Authorities responsible for information security
FICORA is responsible for monitoring compliance with the Act on the Protection of Privacy in Electronic Communications and other provisions and regulations adopted pursuant to the Act. These provisions concern for example the following matters:
- the processing of identification data
- the protection of communications and the decoding of such protection
- the information security of communications and identification data.
In Finland, several different authorities are responsible for our national obligations concerning information security.
The overall responsibility for international information security obligations lies with the Ministry for Foreign Affairs. It acts as the National Security Authority (NSA) which is responsible for:
- steering national activities;
- preparing international security agreements etc.;
- supervising and monitoring that international classified information is protected and handled appropriately.
The Ministry of Defence, the Finnish Security Intelligence Service and the Defence Command of the Finnish Defence Forces are so-called Designated Security Authorities (DSAs).
FICORA acts as a Designated Security Authority and a National Communications Security Authority (NCSA), specialising in information assurance matters relating to classified information that is transferred or handled in an electronic format.
The Data Protection Ombudsman is responsible for monitoring the processing of personal data. The Ombudsman monitors compliance with provisions on the following matters:
- the processing of location data
- telephone directories and other subscriber directories
- directory inquiries
- direct marketing
- the processing of employees' e-mail messages.
Issues concerning the confidentiality of communications and data traces left in a communications network fall within the powers of FICORA, while the Data Protection Ombudsman handles other matters related to the electronic processing of personal data. The division of duties between the two authorities is not clear-cut, and they may negotiate and co-operate in individual cases.
FICORA does not handle individual cases concerning contracts and compensations between operators and their customers. These disputes fall within the remit of consumer protection authorities.
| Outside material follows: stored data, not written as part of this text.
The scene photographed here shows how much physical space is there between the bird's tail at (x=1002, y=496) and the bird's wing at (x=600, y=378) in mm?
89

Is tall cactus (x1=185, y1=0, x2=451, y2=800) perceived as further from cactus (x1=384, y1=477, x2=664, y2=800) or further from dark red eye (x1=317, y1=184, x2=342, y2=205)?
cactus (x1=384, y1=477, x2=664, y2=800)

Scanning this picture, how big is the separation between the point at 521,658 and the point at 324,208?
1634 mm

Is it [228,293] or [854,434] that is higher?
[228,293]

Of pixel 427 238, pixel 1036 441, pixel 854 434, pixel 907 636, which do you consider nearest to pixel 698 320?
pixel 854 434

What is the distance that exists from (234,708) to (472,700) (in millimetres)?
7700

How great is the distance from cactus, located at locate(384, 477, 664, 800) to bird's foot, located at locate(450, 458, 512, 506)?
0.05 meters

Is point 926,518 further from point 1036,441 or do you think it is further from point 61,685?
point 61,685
The Finnish Competition and Consumer Authority (FCCA) supervises the legal protection of consumers, ensuring, for example, that the marketing of communications services complies with the law and that contract terms are fair. FCCA negotiates with stakeholders operating in the field and develops for the industry guidelines on compliance with provisions. It also gives consumers guidance and advice on billing problems and on changes in the terms and conditions of contracts. FCCA does not handle individual disputes.
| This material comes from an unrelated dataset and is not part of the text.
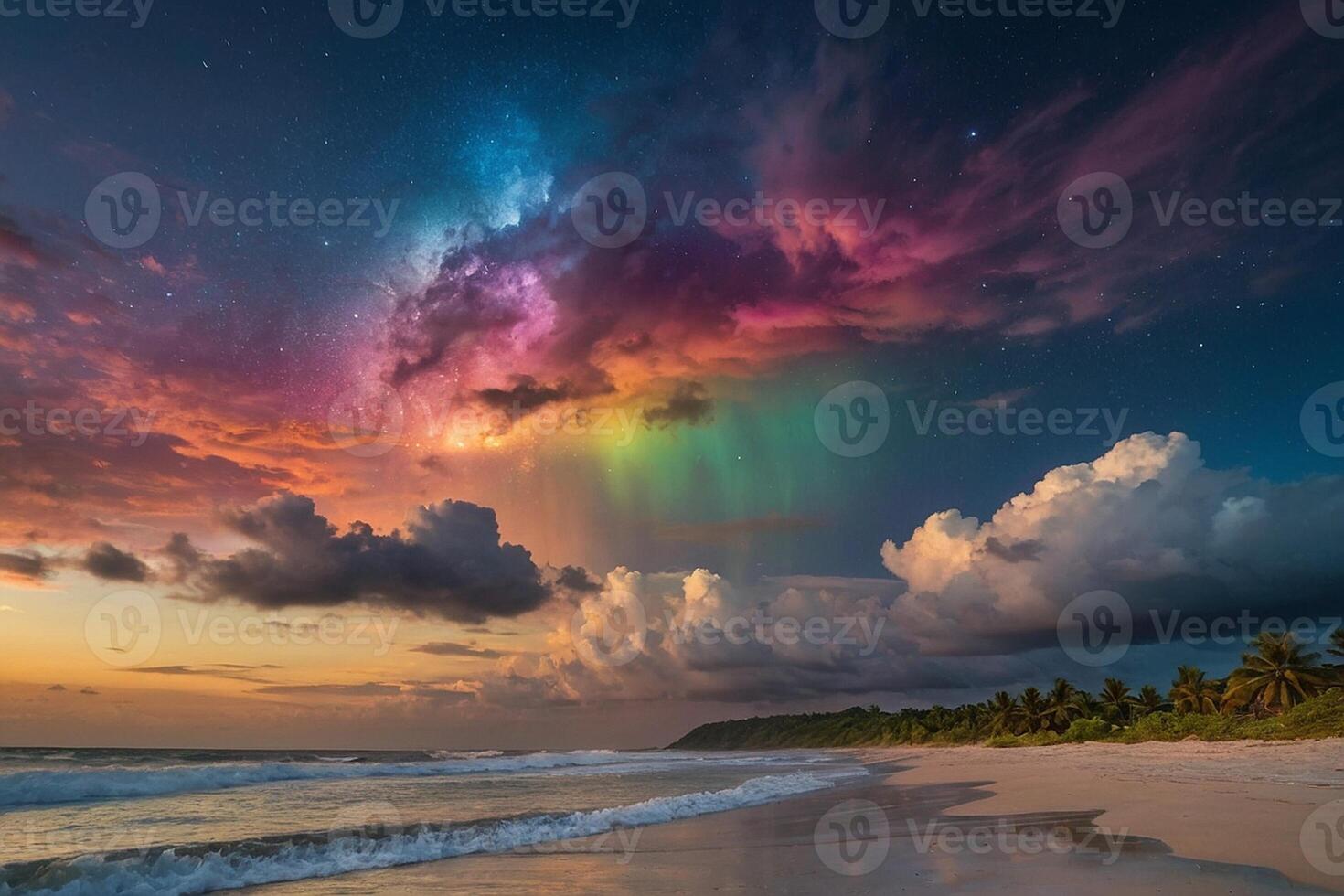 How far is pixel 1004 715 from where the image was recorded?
99438 millimetres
Consumers can report to the Authority issues like the following:
- inappropriate marketing
- unfair contract terms
- invoicing errors
- poor customer service.
Consumer advisors and the Consumer Disputes Board handle disputes between consumers and companies. If you are unable to settle a matter with your operator, contact first the consumer advisory services. Consumer advisors give personal assistance and mediate in disputes. The Consumer Disputes Board handles disputes between consumers and companies and issues recommendations for resolving them.
When there is reason to suspect that a crime has been committed, the matter falls within the powers of the police. Data and communications offences include for example the following offences:
- secrecy offence
- message interception
- interference with communications
- computer break-in.
The above-mentioned offences are mainly complainant offences. This means that the police cannot begin investigations until the complainant, the injured party, reports the matter to the police and demands a punishment for the person who has committed the offence. A complainant is the party whose rights have been violated; for example, a person whose login details and passwords have been misused or a person or an organisation whose server the offender has used for obtaining unauthorised access rights.
MAPEL is not an authority but the self-regulatory body of telephone service providers. Its members represent the key interest groups of the telephone service market. MAPEL protects the interests of consumers on the telephone service market and establishes and maintains good conduct in the provision of telephone services. MAPEL can be contacted by anyone with questions about premium rate services. MAPEL handles complaints concerning the contents, marketing and billing of premium rate telephone and SMS services, issues decisions and recommendations on service production and marketing and is involved in international co-operation in protecting consumers' interests on the market for value-added services.